An exact copy is needed of the lines in the entries below from the line with "This is the" up to and including the line with "Hey everyone, 84", and of nothing else. Leave the pictures out.

* _DATA EXTRACTS_:
══════

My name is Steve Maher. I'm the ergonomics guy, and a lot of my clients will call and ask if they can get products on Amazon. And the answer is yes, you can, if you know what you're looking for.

══════

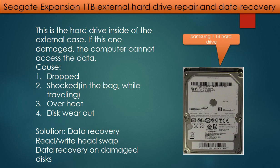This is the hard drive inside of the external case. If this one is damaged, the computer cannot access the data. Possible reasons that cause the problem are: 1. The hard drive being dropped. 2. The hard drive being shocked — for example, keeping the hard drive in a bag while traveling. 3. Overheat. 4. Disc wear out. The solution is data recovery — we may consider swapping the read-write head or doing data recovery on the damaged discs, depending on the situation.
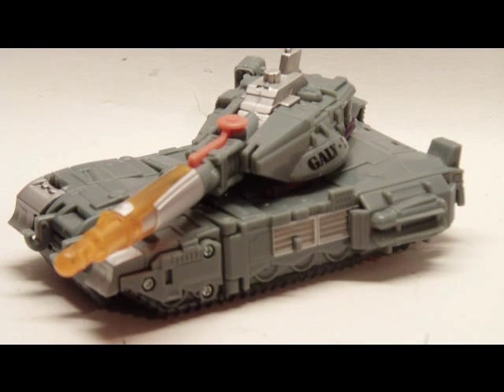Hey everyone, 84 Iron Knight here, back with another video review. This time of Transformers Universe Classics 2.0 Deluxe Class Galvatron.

══════

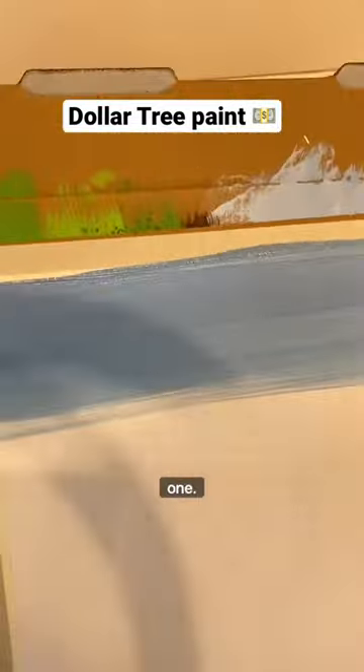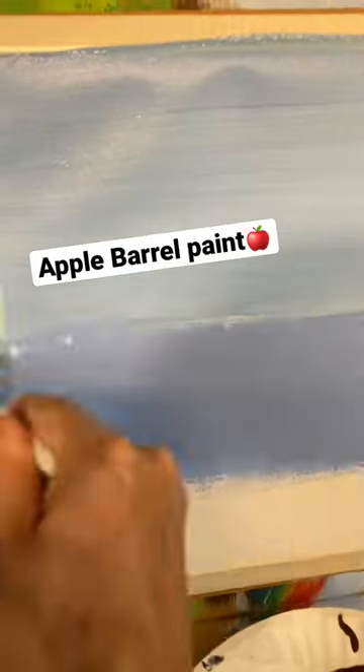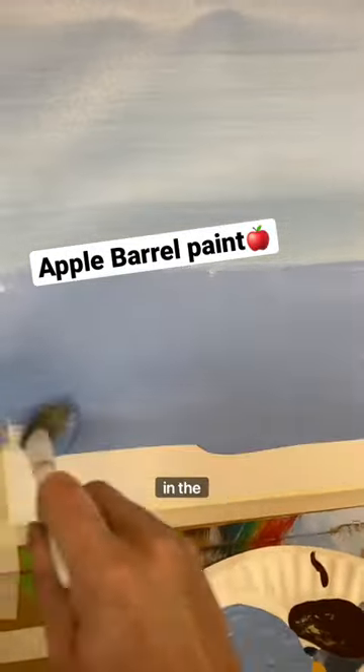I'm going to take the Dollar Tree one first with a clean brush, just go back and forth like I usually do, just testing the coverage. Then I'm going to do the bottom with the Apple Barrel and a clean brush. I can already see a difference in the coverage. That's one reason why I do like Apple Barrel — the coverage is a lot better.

══════

* _SOLUTION FOR THIS EXERCISE_:
This is the hard drive inside of the external case. If this one is damaged, the computer cannot access the data. Possible reasons that cause the problem are: 1. The hard drive being dropped. 2. The hard drive being shocked — for example, keeping the hard drive in a bag while traveling. 3. Overheat. 4. Disc wear out. The solution is data recovery — we may consider swapping the read-write head or doing data recovery on the damaged discs, depending on the situation.
Hey everyone, 84 Iron Knight here, back with another video review. This time of Transformers Universe Classics 2.0 Deluxe Class Galvatron.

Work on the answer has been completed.